The Egyptian Finance Minister, Hany Kadry, held a meeting last Wednesday Dec. 9, with the officials responsible for the general budget, to reduce the previously targeted monetary deficit, which amounts to EGP 251bn (about 8.9 per cent).

The minister addressed the attendees to start rationalizing monetary subsidies, restructuring wages, as well as listing the general debt, without harming low-income citizens.

It is noteworthy that the general budget deficit has raised from July to September 2015 around 78.3 billion pounds (2.8 per cent), compared to 65.76 billion pounds in the same period last year. Predicting a much higher deficit ranging from 10.5 to 11 per cent in 2015/2016 fiscal year, according to the statements of a high official in the ministry of finance to Veto.

This is the second time the finance ministry modifies the country’s deficit, after El-Sisi’s rejection last month, of the previously suggested 9.8 per cent raise.

Causes of the high deficit

The dollar high-rates against the Egyptian pound is considered to be the biggest factor in increasing the deficit of Egypt’s general budget, according to experts. It all take place in the wake of slumping oil prices which leads the dollar on top of most the other currencies.

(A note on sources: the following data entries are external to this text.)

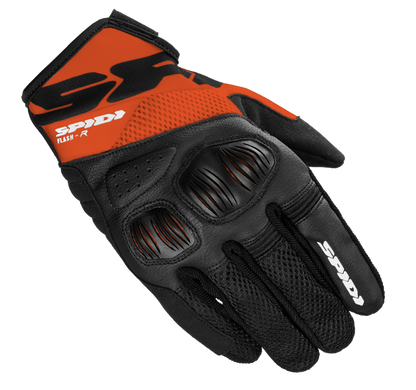 SPIDI FLASH-R EVO<br><font size="2">（メッシュ）</font>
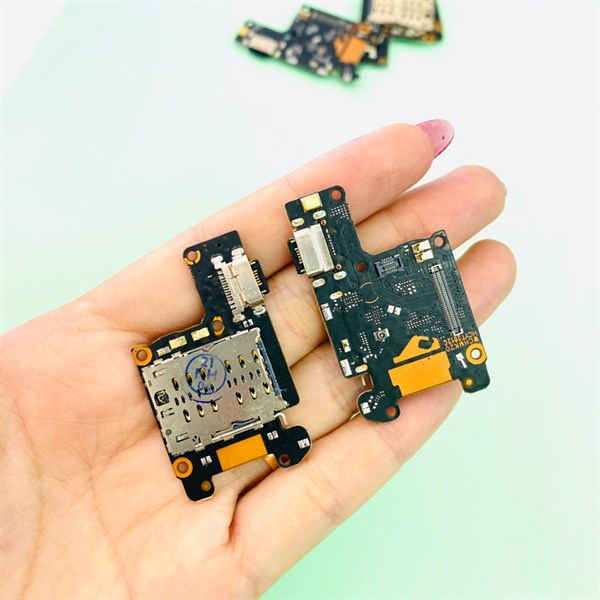 Cụm Sạc / cụm chân sạc Xiaomi Mi 9T / K20 linh kiện chất lượng , bảo hành đổi trả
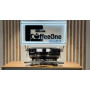 Professionele koffiemachine Astoria Storm 2GR gebruikt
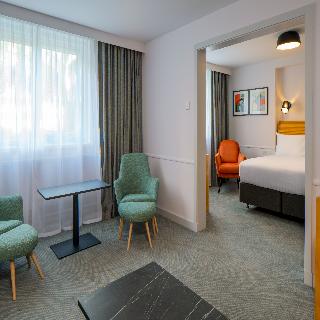 Holiday Inn Filton Bristol fotoÄŸrafÄ±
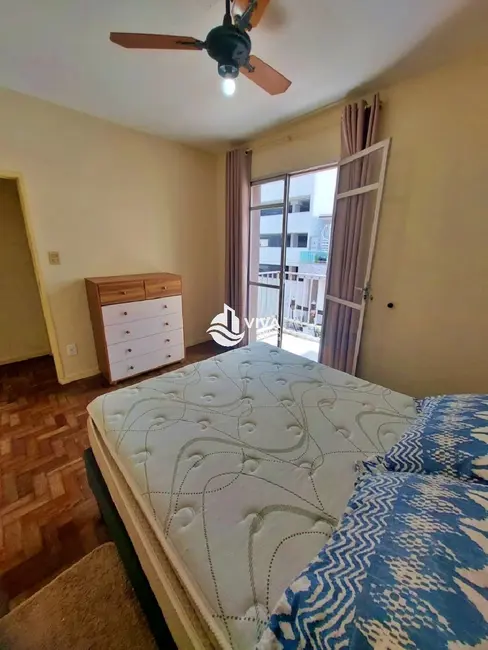 Foto 9 de Apartamento com 3 quartos à venda, 80m2 em Centro, Guarapari - ES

The mounting local debt, totaling EGP 2.2 trillion, comes as the second cause, alongside the $ 46 billion foreign debt, as f the Egyptian central bank report of last June.

Experts also refer to the late energy investments and the implementation of the added value tax, which were planned by the first quarter of this fiscal year, as major contributors to the deficit.

One more reason of budget deficit is the transformation of private fund stocks to the Central bank’s treasury accounts, which led to the absence of EGP 4.4bn, shaping a strong aid for the general balance.